Steve Clemons reads a lot. He’s never fully caught up on the thousands of e-mails he gets daily and he’s inundated with what he calls a “gusher” of information. But it’s part of what gives his blog, the Washington Note, its sharp edge and keeps him in demand as a commentator on cable news.
“It’s constant and I do a pretty good job of keeping up with it, absorbing information quickly,” he says. “So the chances are high that I will know an angle or a twist to ask about. You gotta be informed — that’s a big part of it. If not, you’ll be derivative.”
Clemons started his blog with his friend Josh Marshall in 2004 as an outlet for his dual passion of foreign policy and economic “stuff,” that he wasn’t doing much with at his day job as a senior fellow at the American Strategy Program at the New America Foundation, a centrist think tank he co-founded 12 years ago. He got on the national radar quickly and was named a blog favorite this year by Time magazine. A well-timed scoop in 2006 about former United Nations Ambassador John Bolton and a cancelled hearing earned him more than 6 million hits in a single day.
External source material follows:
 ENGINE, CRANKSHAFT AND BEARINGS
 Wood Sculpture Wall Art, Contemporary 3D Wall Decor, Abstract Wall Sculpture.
Clemons, a 48-year-old Bartlesville, Okla., native, has been in Washington 16 years. Before that, he spent 14 years in Los Angeles where he directed the Japan America Society of Southern California.
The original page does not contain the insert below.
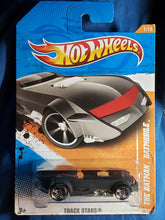 Load image into Gallery viewer, 2011 Mattel Hot Wheels TRACK STARS, The Batman: Batmobile #66/244 Batman #1/15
His philosophy on being openly gay is, “I don’t shy away from it, but I don’t wear it on my sleeve either.”
He and his partner, Andrew Oros, have been together 19 years and live in Dupont Circle with their dog, Oakley, a Weimaraner.
Clemons enjoys blogging, running, biking, fishing, reading and selling small items on eBay in his spare time. (Blade photos by Michael Key)
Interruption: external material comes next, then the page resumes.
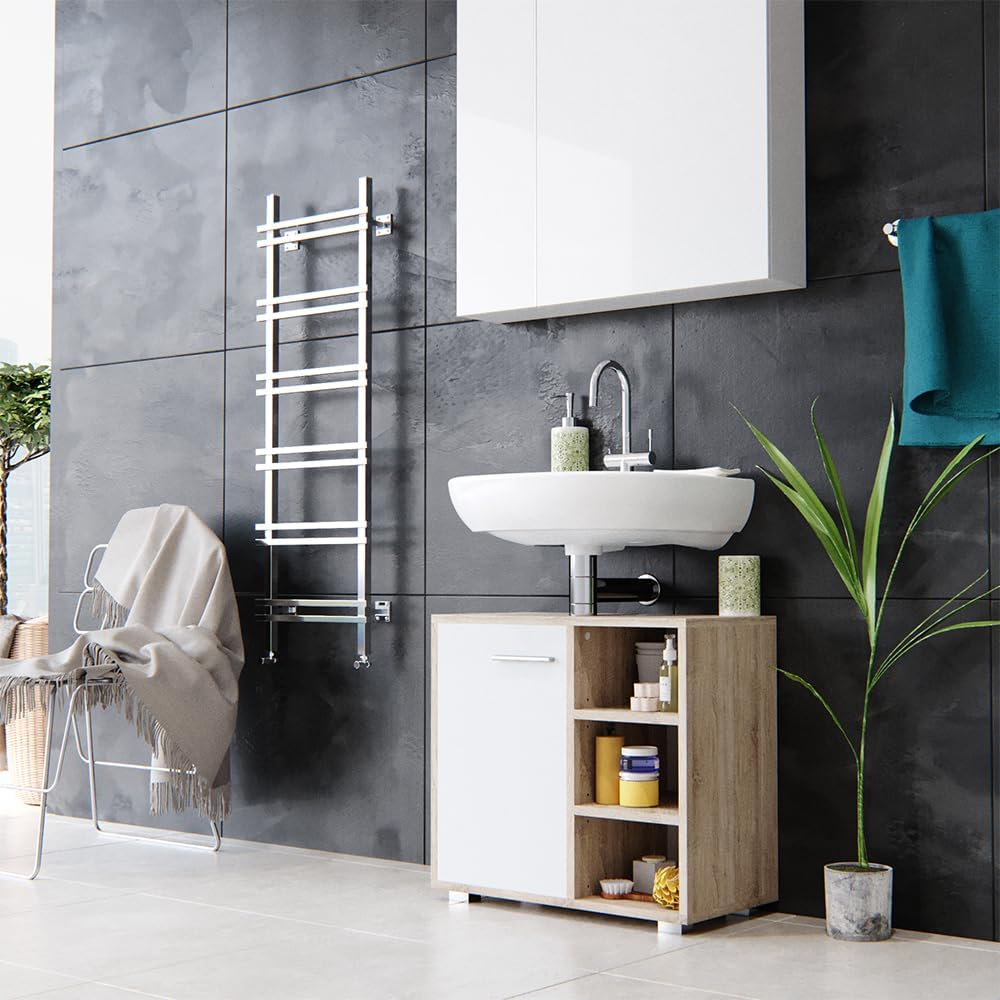 Vicco Waschbeckenunterschrank Perry, Sonoma, 60 x 55.6 cm Sonoma 60x55,6x31 cm, Sonoma 60x55,6x31 cm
How long have you been out and who was the hardest person to tell?
Since 1992. One of my mentors, Chalmers Johnson, was tough for me but went well. Also my husband’s mom, whose sister was spreading rumors that I was having an affair with Andrew’s mom. Untrue of course — the affair was with her son.
Who’s your gay hero?
Alexander the Great, Leonardo Da Vinci, Michelangelo, John Maynard Keynes, Frank Kameny, Pedro Zamora, Andrew Tobias
What is Washington’s best nightspot, past or present?
Nellie’s (Cobalt is close second).
Describe your dream gay wedding.
Had it — eloped and got married on the steps of San Francisco City Hall with a couple of other gay couples in August 2008 and on-looking tourists applauding like crazy when my husband and I kissed. In 1996 had an LTC-BBQ (long-term commitment barbecue at my father-in-law’s. Also very cool.)
What non-gay issue are you most passionate about?
Improving the direction of U.S. foreign policy — getting Israel/Palestine resolved, ending the Afghanistan war, getting Iran on a non-nuclear course, normalizing relations with Cuba, etc.
What historical outcome would you change?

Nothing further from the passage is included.